The origin story of the Poetry Olympics is not as simple as the premise. I’ve been writing poetry for 31 years and through those years never in my life had I ever experienced writer’s block. I had no idea how crippling and debilitating it could be to be surrounded by self-doubt. Emotions transmute themselves to a freshly opened box of Kleenex that houses a pile of used tissues absorbed with tears. A pain so immense it genuinely renders you incapable of even moving forward. One day, I spoke to my good friend Tony who in his own right is an accomplished Singer/Songwriter. I told him those dreaded words: “I could not write anymore.” I felt so broken as though the words would never find a way to me ever again. Do you know how difficult it is to write a poem when you are creatively blocked?
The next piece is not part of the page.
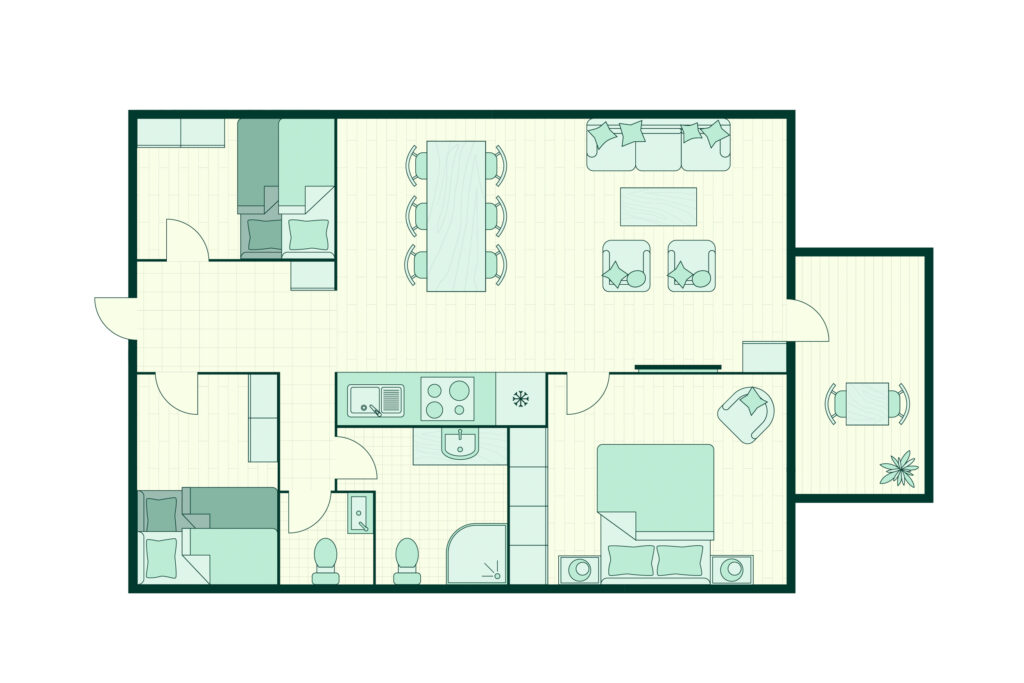 Floorplan leilighet 8 senger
It has got to be one of the worst feelings ever. Do you know how hard it is, as a writer, to try something new and knowing you might fail? Tony suggested a bunch of activities I could perform to get myself out of my funk. He knew how much I love poetry and suggested I create the Poetry Olympics. It could be an exercise not only to cure myself but, to equally inspire others who are also in a drought. It’s as though there was a magic door that opened every single possibility. The poetic forms to be explored would include but are not limited to: Abstract, Erasure, Cinquain, Katauta, Haiku, Tanka, Prose & of course, the ever-lasting Shakespearean Sonnet. I also had to think about prizes. I mean, what kind of Olympics would it be without prizes? I was frightened, really. All I really wanted to do was ask those independent writers who would be participating in book donations to serve as prizes. But at this point, I really had nothing left to lose; the worst thing that could happen was for someone to say no.
“This is one of the most original and highly exciting ideas I have heard of in many years, I am sure it will be a great success and grow to become an important avenue for new works of poetry to find a wider audience.”Tony Moore
At first, all I wanted for the event was eBooks but then, some writers approached me saying that they would rather donate printed books. With my committee at my back, we decided to give printed books to those who would receive the gold classification for that day and eBooks to the silver & bronze winners. I made a deal with all the writers who wanted to mail their books out that even though this is an international event no one will have to ship outside of their home countries, which in turn means that no one will end up paying a ton in shipping. There are so many contributors I could not possibly list them all. But, let me say this the caliber of independent writers is beyond my wildest dreams. It’s quite inspirational if you think about it. And now, almost three years later we have started to accept spoken verse pieces as prizes. It’s such a personal touch to hear the author\’s voice connect with the words. It brings them to another level, to connect not only to the words but also the voice of the source of that particular piece of poetry.